Todos esses exemplos não só de violência e opressão,
mas de autoritarismo, de uma postura que inviabiliza o diálogo, que toma para
si todas as prerrogativas de ação e razão.
A classe média faz justiça com as próprias mãos ao
desconfiar de um moleque com biotipo suspeito, e decide quem pode frequentar o
centro de compra dela, e seus filhos violentam pessoas de orientação sexual
diversa e tentam agredir quem tem opinião política oposta, com a pouca vontade
de investigar da PM, que também escolhe quem pode ou não pode ocupar as ruas,
estas que são tomadas por manifestantes que tomam para si o discurso violento,
de confronto, como o único possível e válido.
E de repente, as mesmas pessoas que acharam,
dignamente, isso tudo um absurdo, absorveram como perfeitamente normal a
investida de uma centena de celerados de algumas facções criminosas, mal
disfarçadas de torcida organizada, assumindo indevidamente o posto de
representante de um contingente de mais de 30 milhões de pessoas.
Esses ‘torcedores’ – sabemos que são sempre os
mesmos, que não representam sequer as agremiações que integram, mas têm a
conivência destas –, que no fundo pouco se importam com o Sport Club Corinthians
Paulista, estando sempre mais interessados nas picuinhas de suas facções, no
intervalo de servir de massa de manobra para situação e oposição, alternadamente,
resolveram, a mando de quem?, invadir o centro de treinamento do Alvinegro,
roubando e agredindo funcionários, e ameaçando jogadores de morte.

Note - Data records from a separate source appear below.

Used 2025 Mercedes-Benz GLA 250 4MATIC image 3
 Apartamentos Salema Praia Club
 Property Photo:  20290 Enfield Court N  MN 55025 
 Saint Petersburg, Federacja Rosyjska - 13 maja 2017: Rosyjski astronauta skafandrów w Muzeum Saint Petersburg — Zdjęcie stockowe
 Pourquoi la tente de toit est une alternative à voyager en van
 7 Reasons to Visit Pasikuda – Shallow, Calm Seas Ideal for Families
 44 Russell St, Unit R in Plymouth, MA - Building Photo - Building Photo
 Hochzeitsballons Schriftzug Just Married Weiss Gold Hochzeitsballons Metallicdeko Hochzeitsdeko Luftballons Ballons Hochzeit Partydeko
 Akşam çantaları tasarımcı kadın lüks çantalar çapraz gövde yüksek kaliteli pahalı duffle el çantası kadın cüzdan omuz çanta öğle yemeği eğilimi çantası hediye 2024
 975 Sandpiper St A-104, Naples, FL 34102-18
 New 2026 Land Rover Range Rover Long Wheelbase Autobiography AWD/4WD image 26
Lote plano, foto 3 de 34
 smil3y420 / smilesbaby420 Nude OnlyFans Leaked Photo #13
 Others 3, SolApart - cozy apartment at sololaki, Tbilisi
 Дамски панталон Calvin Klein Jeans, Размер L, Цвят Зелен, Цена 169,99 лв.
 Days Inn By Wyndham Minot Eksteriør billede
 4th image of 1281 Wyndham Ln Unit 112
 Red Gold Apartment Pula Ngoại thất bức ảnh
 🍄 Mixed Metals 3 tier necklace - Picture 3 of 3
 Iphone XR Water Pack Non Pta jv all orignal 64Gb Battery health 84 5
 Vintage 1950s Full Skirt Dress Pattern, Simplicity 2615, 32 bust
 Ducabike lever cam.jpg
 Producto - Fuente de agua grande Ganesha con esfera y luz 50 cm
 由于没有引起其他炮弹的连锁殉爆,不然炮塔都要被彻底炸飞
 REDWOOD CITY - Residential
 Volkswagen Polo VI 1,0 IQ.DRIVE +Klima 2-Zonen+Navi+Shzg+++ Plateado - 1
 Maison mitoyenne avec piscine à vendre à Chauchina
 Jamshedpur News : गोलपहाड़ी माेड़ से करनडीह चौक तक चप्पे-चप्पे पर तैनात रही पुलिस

É tão difícil assim perceber que é parte do mesmo
discurso terra-de-ninguém?, da mesma atitude ‘eu é que estou certo e vai ser do
meu jeito de qualquer jeito’?
Somos obrigados a ler e ouvir, por parte de
torcedores que aparentemente desligaram o cérebro na hora de pensar
futebolisticamente (pois muitos deles conderam todas a violências urbanas supracitadas), que ‘esses jogadores são vagabundos’, ‘alguém tem que fazer
alguma coisa’, ‘a gente paga ingresso e tem direito de meter o dedo na cara
deles’, ‘eles só invadiram e ameaçaram, se quisessem tinham batido’, ‘esses
caras só têm vida mansa e ainda pensam em greve’, entre outras estultices.
Nem vou entrar no mérito do papel (papelão)
cotidiano das organizadas, nem do imaginário popular sobre o jogador de
futebol, tampouco sobre direitos trabalhistas (que incluem o de greve) ou da
ingratidão com um elenco que ganhou oito títulos em cinco anos.
Minha perplexidade, meu espanto, minha desolação, é
com a legitimação definitiva da truculência egoísta que invalida o diálogo e o
contraditório, que ignora nuances, pormenores e entrelinhas. Todos estão
surdos. E gritando, gritando, gritando.
Neste momento, qualquer civilidade está sendo agredida
e estuprada porque andou por aí de shortinho.